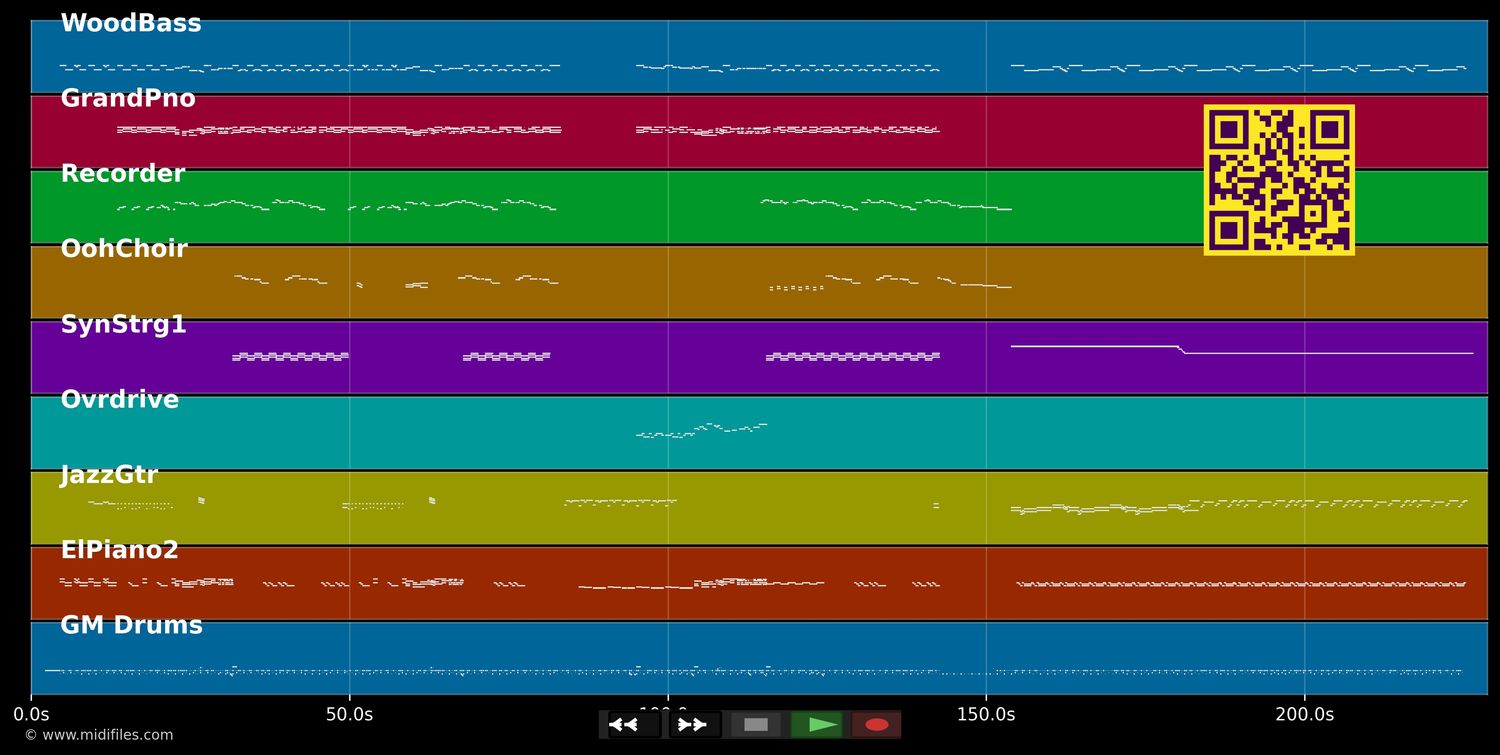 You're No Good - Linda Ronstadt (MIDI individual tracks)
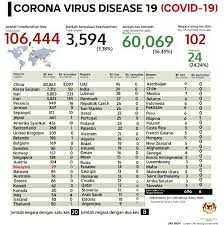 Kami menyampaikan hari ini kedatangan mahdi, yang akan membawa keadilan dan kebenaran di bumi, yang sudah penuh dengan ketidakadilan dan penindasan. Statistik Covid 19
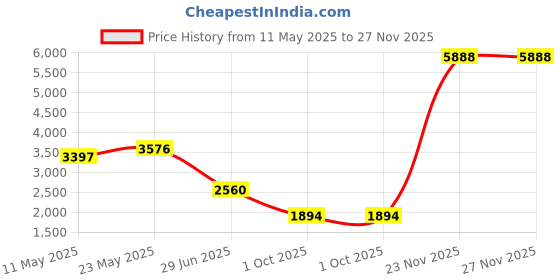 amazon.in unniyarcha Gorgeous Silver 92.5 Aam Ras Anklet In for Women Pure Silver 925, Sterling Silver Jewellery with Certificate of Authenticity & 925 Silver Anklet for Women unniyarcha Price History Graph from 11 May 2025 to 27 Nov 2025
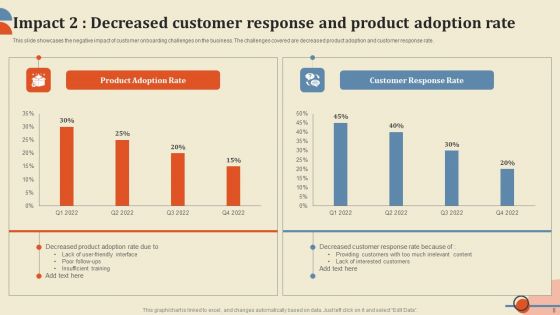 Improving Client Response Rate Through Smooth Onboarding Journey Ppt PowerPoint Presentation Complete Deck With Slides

---

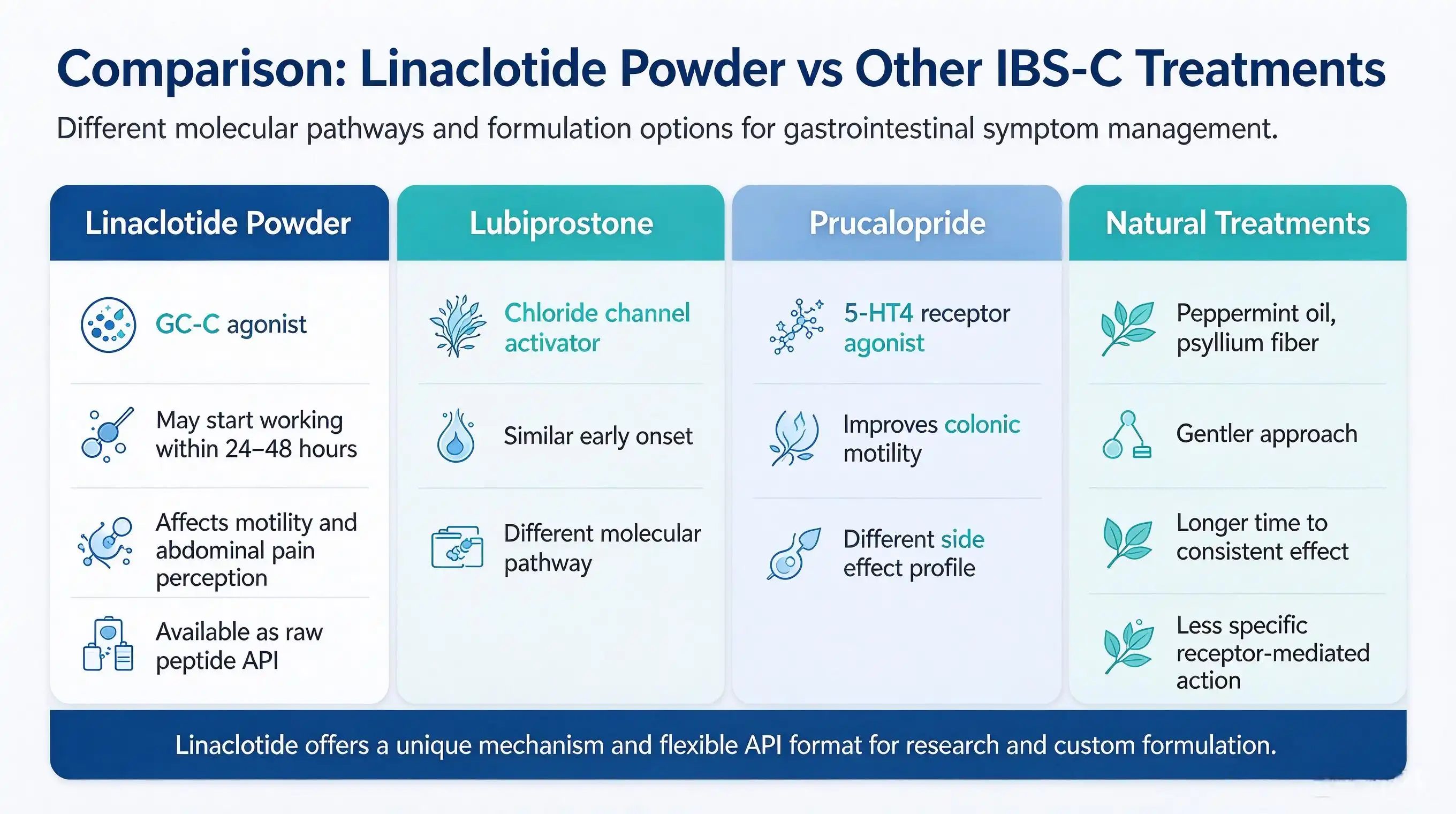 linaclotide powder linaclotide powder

Exercise requirements:
Copy word for word the lines above, starting at the line containing "You're No Good" and ending at the line containing "Kami menyampaikan hari", inclusive, with no pictures.

Task solution:
 You're No Good - Linda Ronstadt (MIDI individual tracks)
 Kami menyampaikan hari ini kedatangan mahdi, yang akan membawa keadilan dan kebenaran di bumi, yang sudah penuh dengan ketidakadilan dan penindasan. Statistik Covid 19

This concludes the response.